Donations of corn flakes, milk and money were made to several food pantries and an FFA Chapter by the Wisconsin Corn Growers Association during June Dairy month to coincide with several area breakfasts on farms.
On behalf of the Hinchley Dairy Farm, hosts of the recent Dane County Annual Breakfast on the Farm, more than 2,000 bowls of corn flakes and some 60 gallons of milk were donated to their local food pantry in Deerfield. On behalf of the Thorp FFA, sponsors of a recent Farmers' Share Breakfast, more than 1,000 bowls of corn flakes went donated to the local food pantry in Stanley along with a $100 donation to the FFA chapter. Additional donations of corn flakes recently went to food pantries in Brandon and Beaver Dam.

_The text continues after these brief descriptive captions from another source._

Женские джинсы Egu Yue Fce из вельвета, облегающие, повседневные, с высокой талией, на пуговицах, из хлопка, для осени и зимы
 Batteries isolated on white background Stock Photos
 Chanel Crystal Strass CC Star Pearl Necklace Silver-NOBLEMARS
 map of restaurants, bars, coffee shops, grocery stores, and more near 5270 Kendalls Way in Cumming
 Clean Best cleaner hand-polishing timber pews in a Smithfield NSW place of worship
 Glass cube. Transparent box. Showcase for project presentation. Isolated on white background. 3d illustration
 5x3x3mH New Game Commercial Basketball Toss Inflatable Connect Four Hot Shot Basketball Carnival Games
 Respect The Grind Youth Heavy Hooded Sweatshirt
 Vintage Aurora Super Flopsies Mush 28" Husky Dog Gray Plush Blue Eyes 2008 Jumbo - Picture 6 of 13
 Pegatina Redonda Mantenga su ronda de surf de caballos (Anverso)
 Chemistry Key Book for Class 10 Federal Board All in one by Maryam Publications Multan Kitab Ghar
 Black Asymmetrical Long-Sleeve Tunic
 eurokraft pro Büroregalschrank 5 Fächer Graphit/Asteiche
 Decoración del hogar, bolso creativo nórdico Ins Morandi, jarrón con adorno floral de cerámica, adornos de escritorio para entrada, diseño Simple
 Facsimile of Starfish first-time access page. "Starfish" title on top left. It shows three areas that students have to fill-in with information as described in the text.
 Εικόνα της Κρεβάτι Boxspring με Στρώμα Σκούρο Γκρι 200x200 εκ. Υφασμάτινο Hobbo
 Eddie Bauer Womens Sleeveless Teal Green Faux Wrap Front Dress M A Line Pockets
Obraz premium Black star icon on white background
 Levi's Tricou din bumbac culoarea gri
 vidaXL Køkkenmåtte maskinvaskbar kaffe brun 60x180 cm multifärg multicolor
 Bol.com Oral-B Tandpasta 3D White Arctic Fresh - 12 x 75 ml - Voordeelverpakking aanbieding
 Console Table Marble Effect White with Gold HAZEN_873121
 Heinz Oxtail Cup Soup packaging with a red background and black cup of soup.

All together, the donated corn flakes cost nearly $900 at the grocery store. However, the farmer's share – or the amount food manufactures paid for the corn in those boxes – totaled just over $10. That's because an 18-ounce box of corn flakes contains only about 4 cents of corn. The majority of food costs come from such added inputs as packaging, labor, transportation and food company profits. Corn flakes boxes stickered with these messages were use as center pieces at recent farm breakfasts across the state.
"It's important to remember that there are families in our communities who cannot afford basic necessities such as breakfast," says Randy Woodruff, a Chippewa Falls corn and dairy farmer who serves as president of WCGA. "We also want people to realize that farmers get only about four cents for the amount of corn that is in a $3.45 box of cereal with 18 servings," Woodruff relates. "Moreover, cows eat less than 10 cents worth of corn to produce a gallon of milk and while farmers are getting much less for their corn and milk than they did last year this time, grocery store prices remain high."
In fact labor, packaging, transportation, advertising and food-company profits comprise more than 80% of the retail price of food products. Woodruff, who also is a dairy producer, notes that while the average price for a gallon of milk at grocery stores was down just 19% last month, farmers received 35% less than last fall. In addition, last year when corn prices briefly hit record high levels, several large food manufacturers who complained most about the high cost of corn reported in turn record company profits.
The U.S. Department of Agriculture reports that prices received by farmers are as low as two to three cents per item for products such as bread and cereal. On average only 19 cents of every dollar spent on food works its way back to the farm. Independent reports conducted by the Center for Agriculture and Rural Development at Iowa State and the Consumer Federation of America also have concluded that farm price fluctuations had little effect on consumer food prices.
The Wisconsin Corn Growers Association represents the interest of state corn growers in the growing and managing of corn grown both for on-farm feeding and commercial sale. WCGA works with other organizations in areas of mutual concern, including biotech issues, resistance management, pesticide issues, farmland taxation and valuation, conservation, and the environment. WCGA brings together corn growers to provide information and education at regional corn conferences and the annual Wisconsin Corn/Soy EXPO. As part of NCGA, WCGA represents corn grower interests nationally and internationally and also sponsors the annual corn yield contest.